Most know that hydropower is the original renewable energy, with a time-tested history dating at least back to the Greco-Roman waterwheels. What many don’t know, however, is that the history of hydropower is still, in fact, being written, with a strong future and exciting potential to contribute to the dynamic energy landscape that lies ahead.

During an era of unprecedented change, this renewable and emission-free power source known for providing reliable base-load generation will become even better known for its adaptability to help quicken the energy evolution. That’s because the flexible attributes of hydropower, particularly its storage and ramping capability, are uniquely suited to balance the more intermittent generation sources that have gained in prominence, such as wind and solar. In many ways, hydropower delivers what other renewables simply can’t at the moment.

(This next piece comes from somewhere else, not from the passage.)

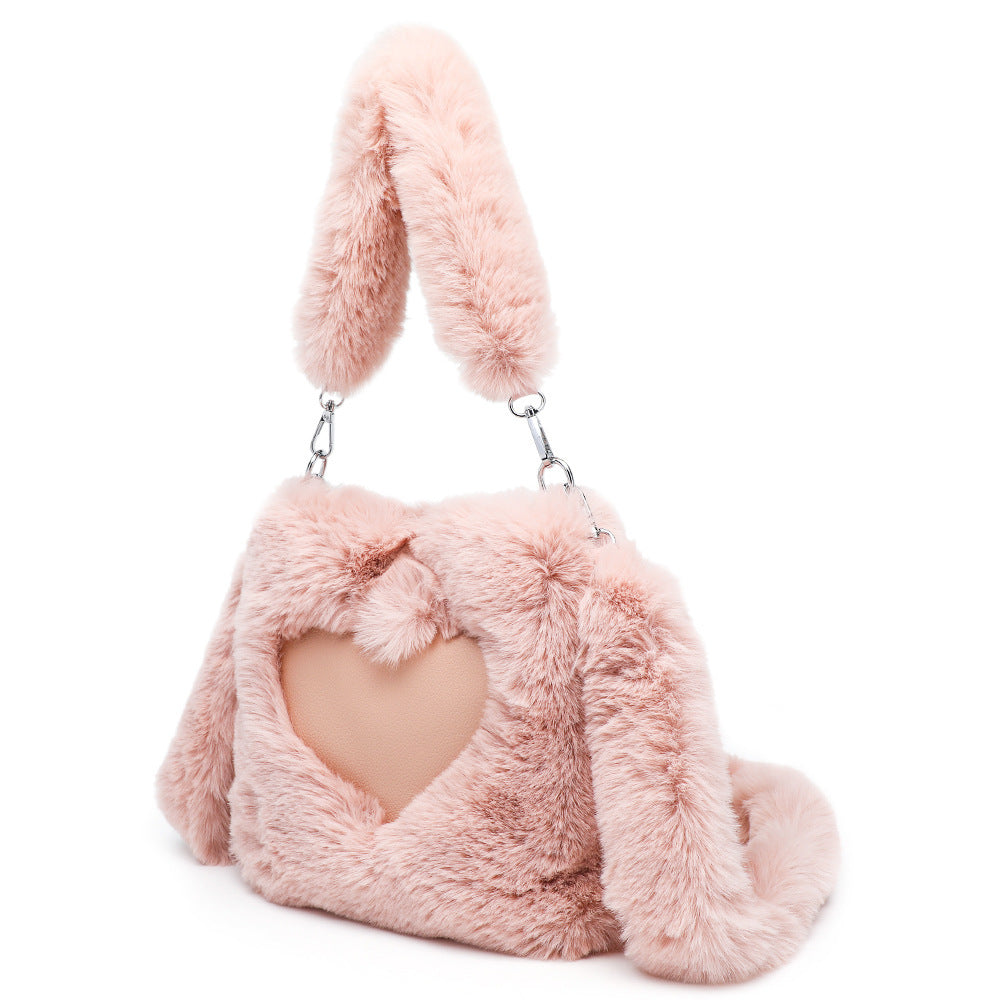 Bolso de hombro mullido para mujer, bolso con asa superior, bolso de mano de felpa para otoño e invierno, bolsos de compras de moda para niñas, bolsos de mano para mujer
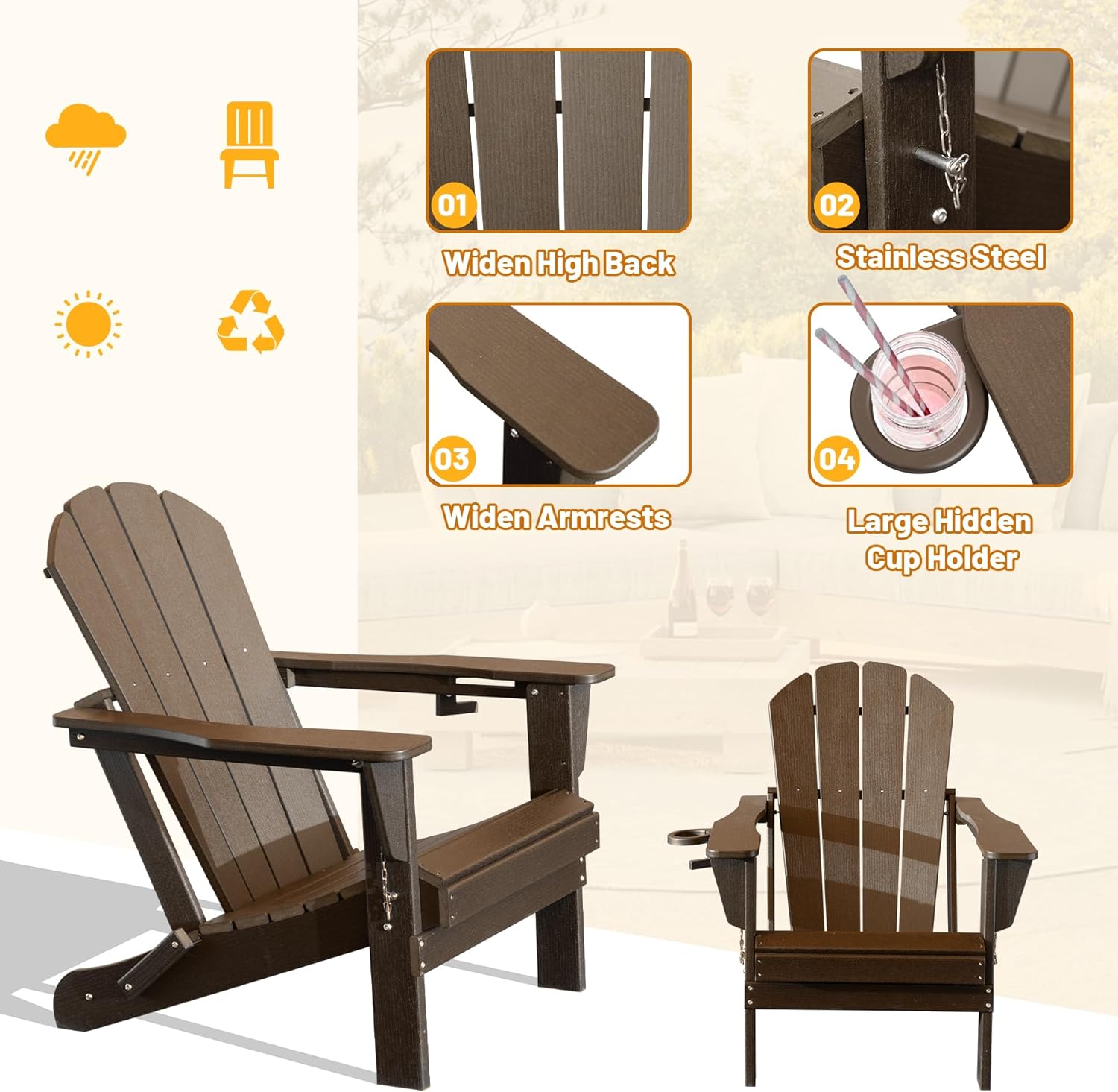 Adirondack Chair, Folding HDPE Outdoor Seating with Cup Holder by HouseOfZazla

While the potential for extensive use of energy storage in batteries may lie in the future, the ability to store the energy of falling water behind a dam is here right now. Moreover, there is significant pursuit of new development of pumped storage hydropower projects to create even more capacity for meeting peak demand and balancing other resources. With these developments, a valuable part of supplying American energy could become even more useful.

A couple of years ago, the U.S. Department of Energy issued a report finding that hydropower – already the largest source of renewable energy in the U.S. with over 100 gigawatts (GW) – can sustainably grow by 50 gigawatts by 2050, with much of that growth coming by 2030. This would include upgrading some existing plants, building new smaller plants, adding new pumped storage, and adding power to the existing dams and canals. Consider, for example, that only 3 percent of our nation’s 80,000 dams have power generation capabilities.

Since that important report, hydropower has continued to mature. Worldwide, hydropower has risen steadily to 1,267 gigawatts (GW) of installed capacity in 2017, including 153 GW of pumped storage.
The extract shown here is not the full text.